讲述人:邓明欣(男,1933年出生,湖南省石门县白云乡水溪峪村村民)
采访人:贾之坦(男,1951年出生,湖南省石门县白云乡鸡鸣桥村村民,村民影像作者)
采访时间:2010年10月20日
采访地点:邓明欣家中
(口述整理:吴文光)
采访笔记
十月二十日我来到了水溪峪的老表家,好几年没到他家了。今非昔比,楼房修得好是气派。今日背着个摄像机专程来到他家,当然是别有用心。他是我姑姑的儿子,叫邓明欣,今年六十二岁。一家五口,老伴毛珍英,女儿邓大妹,招郎儿是他吖儿姐的儿子李冬吧,一个孙女现已在石门六中读高二。家里新修的楼房,对比那食堂时被撤掉、烧毁的房子,算是天大的变化了。他兄弟两个,老幺邓明友,和我是般大。这些年是跟着他女儿在广东打工。
在我的印象中,他一家在食堂是遭了大难的。而我表兄说起来却非常地“习以为常”。
口述文本
饿了偷猪食吃
搞食堂时俺搬到屋后边四队李培勋的屋里住去了。俺这里是五队嗨。因为俺老家伙(父亲邓君湘)眼睛不看见(是个瞎子),大队为了照顾他,让他给猪场里剁猪草。猪场是办在李培勋家里的,他的屋宽得很,那头是食堂,这头是猪场。俺娘和老家伙就在猪场里搞事。
食堂里俺还勉强吃得下。吃不饱的时候猪场里还有些东西吃,菜这些家伙还是有。番薯出来后,趁没得人就把那个番薯煮在那猪草锅里,人家看不到。煮熟,等没得人就拿出来吃。趁常(经常)就么伙(这么)搞的。

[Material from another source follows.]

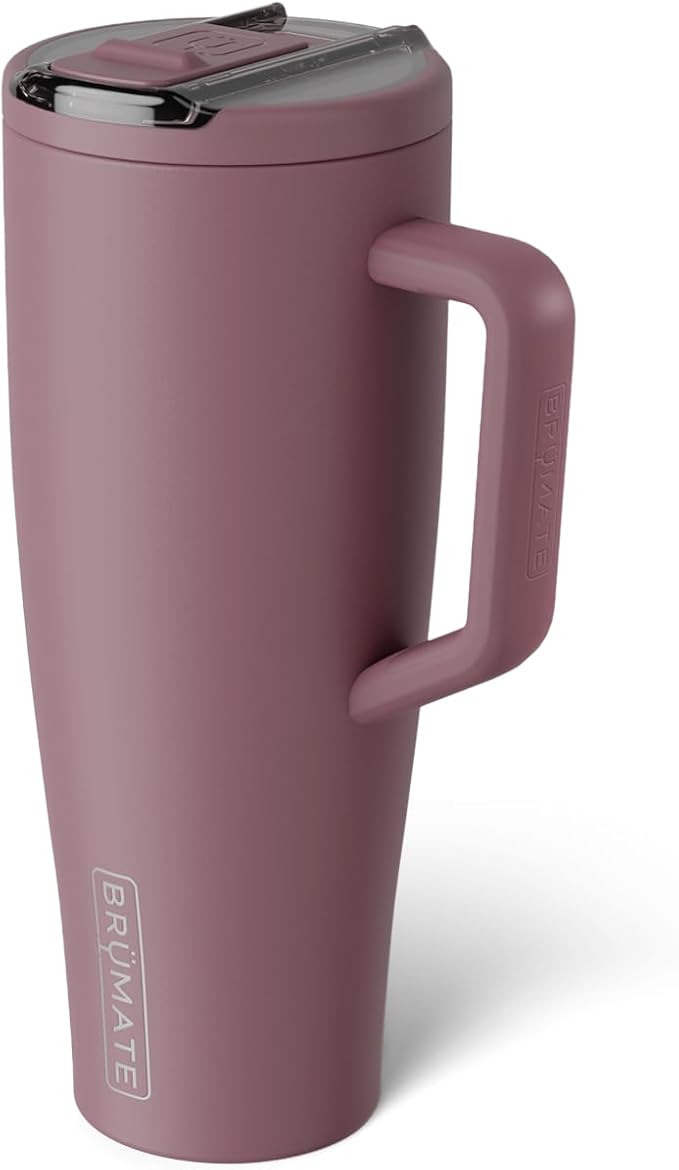 BrüMate Era Flip 40oz Tumbler with 100% Leakproof Covered Straw Lid | Hygienic Covered Straw | Insulated Stainless Steel Water Bottle with Handle | Cup Holder Friendly | BPA-Free (Rose Taupe) - Image 2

张娥儿的姆妈(奶奶)趁常就搞些野菜么吃的,像些猪草,那一想都吃不进去,她还不趁常就么吃的。这湾里谢正前的娘就是吃那些枇杷树皮、麻雾根,们些树尖尖吃哒中毒死也的。
捉泥鳅吃被画漫画批评
我印象最深的是个李冬嗲,他有个哈怕(用蔑编织成专门捕鱼的工具),一搞又到那个田里去赶泥鳅。那时候田里泥鳅多嗨,他一去就是一钵。搞回来哒就用个钵钵一炖,油没得盐没得,就么吃的。他那个人古怪得很,搞的东西人家又吃不到的,他各人屋里的人都吃不到。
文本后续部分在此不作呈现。